*Directions for this task*: Look for the line containing "Axolotl Gaming Kids Unisex T-Shirt" in the listing below. Retype that line and every subsequent line through the last one, and only those.

----

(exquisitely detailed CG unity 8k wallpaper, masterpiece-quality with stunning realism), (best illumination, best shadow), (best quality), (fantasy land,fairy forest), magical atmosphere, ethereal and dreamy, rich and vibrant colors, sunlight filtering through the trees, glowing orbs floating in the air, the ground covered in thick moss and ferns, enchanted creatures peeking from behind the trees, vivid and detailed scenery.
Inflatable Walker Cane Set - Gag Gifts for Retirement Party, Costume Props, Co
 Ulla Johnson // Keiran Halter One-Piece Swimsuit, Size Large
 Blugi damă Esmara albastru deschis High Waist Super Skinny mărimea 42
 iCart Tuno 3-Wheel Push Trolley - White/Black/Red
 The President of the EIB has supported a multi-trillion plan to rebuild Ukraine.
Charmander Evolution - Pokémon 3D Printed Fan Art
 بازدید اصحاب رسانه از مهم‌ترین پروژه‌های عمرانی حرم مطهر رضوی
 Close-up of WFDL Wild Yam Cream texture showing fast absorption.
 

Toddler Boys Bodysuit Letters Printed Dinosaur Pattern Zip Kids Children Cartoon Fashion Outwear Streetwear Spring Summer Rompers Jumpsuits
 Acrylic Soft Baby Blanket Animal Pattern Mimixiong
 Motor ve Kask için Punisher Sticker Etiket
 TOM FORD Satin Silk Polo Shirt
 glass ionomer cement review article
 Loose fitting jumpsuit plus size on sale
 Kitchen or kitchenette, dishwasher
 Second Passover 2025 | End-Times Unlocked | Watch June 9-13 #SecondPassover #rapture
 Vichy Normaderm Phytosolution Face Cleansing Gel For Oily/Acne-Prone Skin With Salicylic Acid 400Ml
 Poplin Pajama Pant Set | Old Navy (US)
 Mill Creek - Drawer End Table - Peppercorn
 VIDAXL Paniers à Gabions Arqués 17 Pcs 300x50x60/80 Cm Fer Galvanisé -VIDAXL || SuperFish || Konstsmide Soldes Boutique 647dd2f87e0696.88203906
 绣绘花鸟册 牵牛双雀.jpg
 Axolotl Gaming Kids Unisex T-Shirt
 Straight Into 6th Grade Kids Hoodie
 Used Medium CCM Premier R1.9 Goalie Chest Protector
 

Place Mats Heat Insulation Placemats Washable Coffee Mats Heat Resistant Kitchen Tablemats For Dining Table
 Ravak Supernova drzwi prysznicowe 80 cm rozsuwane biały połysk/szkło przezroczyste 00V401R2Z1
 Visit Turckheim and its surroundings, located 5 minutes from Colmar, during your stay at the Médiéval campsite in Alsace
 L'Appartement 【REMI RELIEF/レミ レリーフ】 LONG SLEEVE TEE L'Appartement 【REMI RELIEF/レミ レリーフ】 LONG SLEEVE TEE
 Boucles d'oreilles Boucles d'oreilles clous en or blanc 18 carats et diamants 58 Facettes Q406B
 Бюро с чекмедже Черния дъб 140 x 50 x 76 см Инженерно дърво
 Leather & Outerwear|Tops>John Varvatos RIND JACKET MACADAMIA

----

*Exercise output*:
 Axolotl Gaming Kids Unisex T-Shirt
 Straight Into 6th Grade Kids Hoodie
 Used Medium CCM Premier R1.9 Goalie Chest Protector
 

Place Mats Heat Insulation Placemats Washable Coffee Mats Heat Resistant Kitchen Tablemats For Dining Table
 Ravak Supernova drzwi prysznicowe 80 cm rozsuwane biały połysk/szkło przezroczyste 00V401R2Z1
 Visit Turckheim and its surroundings, located 5 minutes from Colmar, during your stay at the Médiéval campsite in Alsace
 L'Appartement 【REMI RELIEF/レミ レリーフ】 LONG SLEEVE TEE L'Appartement 【REMI RELIEF/レミ レリーフ】 LONG SLEEVE TEE
 Boucles d'oreilles Boucles d'oreilles clous en or blanc 18 carats et diamants 58 Facettes Q406B
 Бюро с чекмедже Черния дъб 140 x 50 x 76 см Инженерно дърво
 Leather & Outerwear|Tops>John Varvatos RIND JACKET MACADAMIA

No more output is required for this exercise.